Alih-alih mengikuti jejak Apple dalam mengembangkan sistem operasi modern dan layar sentuh yang intuitif, Nokia justru bertahan dengan Symbian yang mulai usang. Ketika Android merajalela, Nokia malah memilih bekerjasama dengan Microsoft dan meluncurkan Lumia dengan sistem operasi Windows Phone---yang ironisnya tak pernah mendapat tempat di hati pengguna.
Menurut data dari Statista, pangsa pasar Nokia yang sempat menyentuh 49.4% pada tahun 2007, anjlok ke bawah 5% hanya dalam waktu lima tahun. Tahun 2013, Nokia resmi menjual divisi ponsel ke Microsoft dengan nilai hanya sekitar USD 7,2 miliar, jauh dari nilai kejayaannya.
Kesalahan fatal Nokia adalah arrogance of success. Nokia terlalu percaya diri dan lamban beradaptasi dengan perubahan pasar. Budaya perusahaan yang kaku dan tidak terbuka terhadap inovasi menjadi bumerang mematikan. Bahkan salah satu eksekutif Nokia pernah berkata, "We didn't do anything wrong, but somehow, we lost." Sebuah kalimat ironis yang mencerminkan ketidaksadaran mereka atas perubahan besar yang sedang terjadi.
Tupperware: Tenggelam karena Tak Mengenal Konsumen Baru
Jika Nokia gagal karena teknologi, maka Tupperware runtuh karena kegagalan memahami generasi baru konsumennya.

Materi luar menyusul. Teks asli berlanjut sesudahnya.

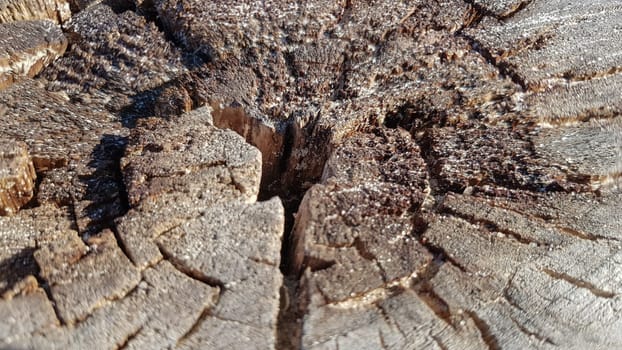Wooden old stump, wood texture background. Sawn tree with cracks. Round cut down tree with annual rings as a wood texture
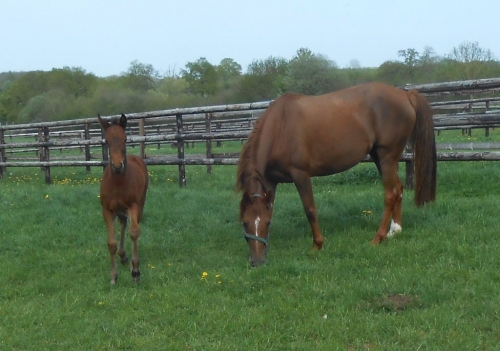 IMAVERA DE LOU (Real de Lou-Conchita de Lou)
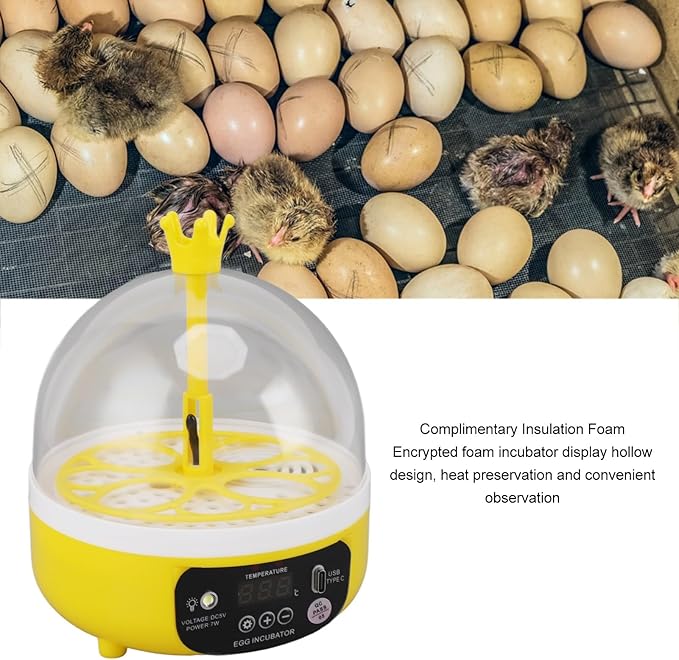 Hapivida 4 Eggs Mini Automatic Incubator, 7W Temperature Humidity Control - Image 2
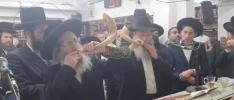 Main image for ווערט באמערקט הרה"צ המשפיע ר' אלימלך בידערמאן שליט"א בלאזן שופר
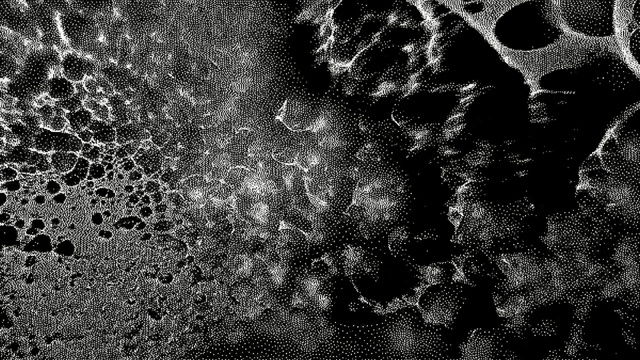 Video Reference: Black, Black-and-white, Monochrome, Pattern, Monochrome photography, Water, Design, Photography, Organism, Stock photography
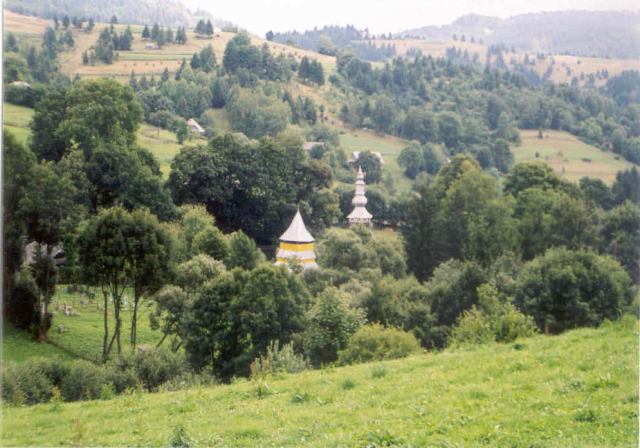 * Image 23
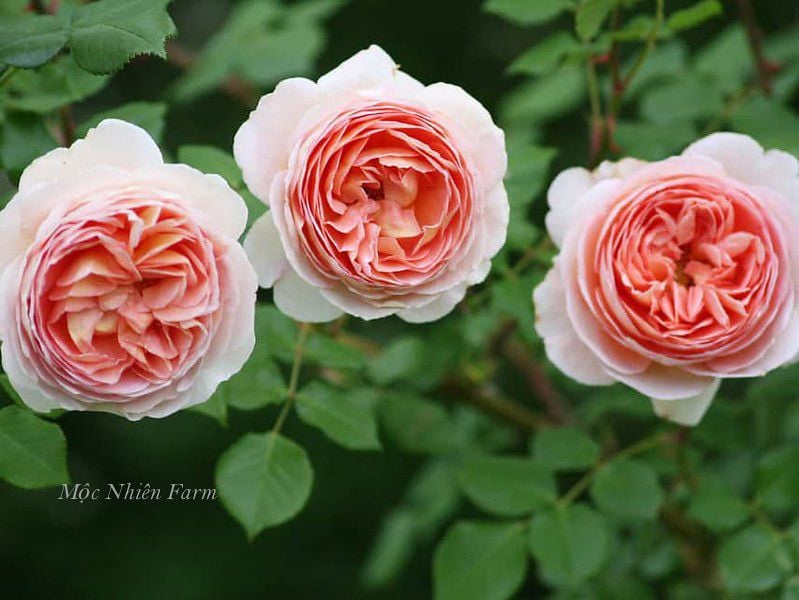  Hoa hồng Abraham Darby 579 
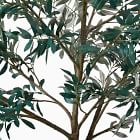 Faux Potted Olive Tree West Elm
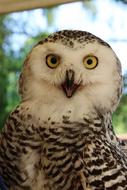 black and white snow owl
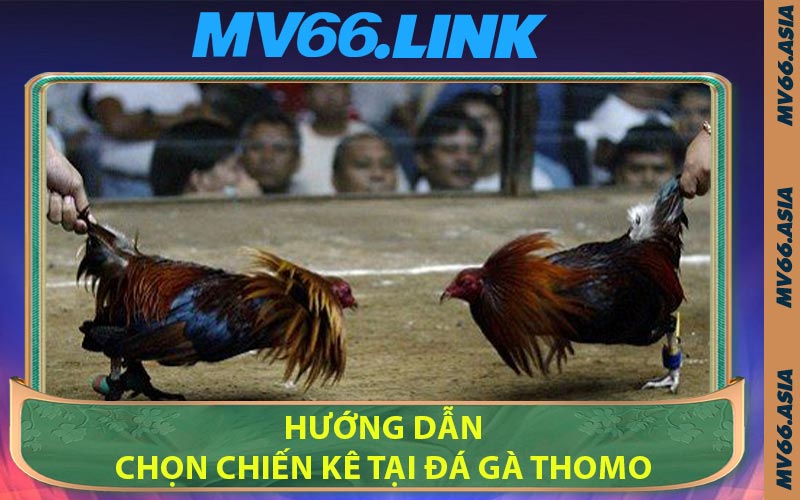 Hướng Dẫn Chọn Chiến Kê Tại Đá Gà Thomo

Didirikan pada 1946 oleh Earl Tupper, Tupperware menjadi pelopor wadah plastik inovatif yang praktis dan tahan lama. Namun, kekuatan terbesar Tupperware justru bukan produknya, melainkan sistem penjualannya: Tupperware Party. Acara arisan rumah tangga ini menjadi ladang pemasaran efektif di kalangan ibu rumah tangga di era 50-an hingga 90-an.